Enfim, o suserano do subterrâneo transpassou a superfície que lhe separa do contagiante raiar do sol para enegrecer-me o dia, parar-me o tempo e trazer-me a escuridão. Enquanto o sol, sempre a radiar, imperiosamente na galáxia, estiver a se mostrar, ofuscados ficam os demais seres que por sua soberana luz se submetem à sua vontade. Somente quando a escuridão de Ades se opõe ao seu reinado é que uma parte de seu zodíaco perde-se na luz e vê-se imerso nas trevas.
É a noite escura da alma, o ocaso a anunciar a ausência do eu, daquele que brilha e se mostra, que ofusca e esconde aquilo que não se vê ou que não se quer ver, mas que lá está, presente, na escuridão da alma. É como a pupila, a se dilatar ao entardecer, no lusco fusco, ainda incapaz de enxergar no breu, pois o lilas do sol poente deixa para trás o rastro do regente. Assim que o agora enegrece, assim que o dia se torna noite, o astuto gato ajeita suas pupilas e se adapta a penumbra que se postula.
Ela é longa e sombria. Não há penitência nem austeridade que prepare o homem para o empalidecimento de sua existência. O único esforço requerido e ofertado é o de aceitar, sem relutar, perante o despertar das sombras. Assustar-se e sucumbir ou se entregar e enfrentar são as únicas escolhas possíveis para o herói que encara em seu ser a presença do breu. Não há outra opção. Aí está o único livre-arbítrio presente na vida do sofredor eu.
A luva a ele concedida lhe acomoda aos dedos com a precisão do costume feito sob medida pelo alfaiate. Nem justo nem largo, na medida, precisa e firme, confortável e inquietante. Aos olhos do temeroso, assustador lhe parece o açougueiro que com a faca e a limalha afiam o fio que afastará a carne podre que ainda se dependura da pelanca saliente, uma sobra desnecessária mas que ainda presente pesa sob o corpo que já não admite excessos.
Ao homem, não há escolha se não sucumbir e se deixar passar pela lâmina que corta e extirpa aquilo que já não mais serve. A dor é desconsertante, anuvia a vista, embriaga a alma, exorta o homem de seu próprio ser. Ele não mais será ele, se vivo passar pela noite escura da alma. Nada nem ninguém retorna vivo do mundo dos mortos. Renascido, será um novo eu, se houver um amanhecer.

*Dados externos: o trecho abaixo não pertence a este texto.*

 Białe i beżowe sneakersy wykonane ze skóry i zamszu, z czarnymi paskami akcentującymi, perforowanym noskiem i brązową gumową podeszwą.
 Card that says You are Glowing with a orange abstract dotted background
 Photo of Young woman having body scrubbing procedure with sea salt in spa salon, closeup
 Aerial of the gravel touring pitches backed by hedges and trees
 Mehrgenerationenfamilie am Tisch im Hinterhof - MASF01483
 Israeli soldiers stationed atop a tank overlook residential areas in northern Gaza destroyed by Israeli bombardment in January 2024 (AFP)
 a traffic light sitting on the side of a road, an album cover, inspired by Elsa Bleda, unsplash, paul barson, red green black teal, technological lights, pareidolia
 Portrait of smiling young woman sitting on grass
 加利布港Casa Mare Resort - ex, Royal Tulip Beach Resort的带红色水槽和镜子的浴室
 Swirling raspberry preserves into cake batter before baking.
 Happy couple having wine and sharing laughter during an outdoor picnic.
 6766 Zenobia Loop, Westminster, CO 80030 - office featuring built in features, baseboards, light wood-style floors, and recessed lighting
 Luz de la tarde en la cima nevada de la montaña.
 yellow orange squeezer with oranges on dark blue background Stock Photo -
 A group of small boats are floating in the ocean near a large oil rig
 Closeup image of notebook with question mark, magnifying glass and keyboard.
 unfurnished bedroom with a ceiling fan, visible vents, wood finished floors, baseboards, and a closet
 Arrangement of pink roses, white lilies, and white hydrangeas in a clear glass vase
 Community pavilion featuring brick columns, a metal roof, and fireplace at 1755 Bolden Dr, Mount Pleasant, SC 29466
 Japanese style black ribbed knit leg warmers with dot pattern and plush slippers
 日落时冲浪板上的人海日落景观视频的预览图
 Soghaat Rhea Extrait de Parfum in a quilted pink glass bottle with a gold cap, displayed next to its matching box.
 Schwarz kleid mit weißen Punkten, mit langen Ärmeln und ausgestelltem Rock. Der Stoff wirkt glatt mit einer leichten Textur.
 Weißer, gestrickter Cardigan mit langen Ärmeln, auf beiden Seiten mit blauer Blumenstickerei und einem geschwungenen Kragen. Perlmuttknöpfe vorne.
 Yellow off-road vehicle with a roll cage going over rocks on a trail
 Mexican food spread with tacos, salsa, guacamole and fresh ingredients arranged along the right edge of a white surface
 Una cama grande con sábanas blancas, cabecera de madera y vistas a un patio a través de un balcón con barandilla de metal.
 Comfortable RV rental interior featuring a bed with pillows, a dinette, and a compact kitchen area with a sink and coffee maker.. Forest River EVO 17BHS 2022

A morte chega súbita e repentina, surpreendente, sem qualquer aviso prévio ou vestígio que lhe possa anunciar o entardecer. Não há lamparina prendida a amenizar a morte que se perpetua. Um acontecimento brusco a deixar o mais preparado dos homens atônito. Perplexo, cabe ao observador apenas o testemunho e nada mais. Não há força que lhe fará sobrepujar tal acontecimento. A despedida é inadiável, um fato que se não for acolhido estará perdido para sempre, na noite escura da alma.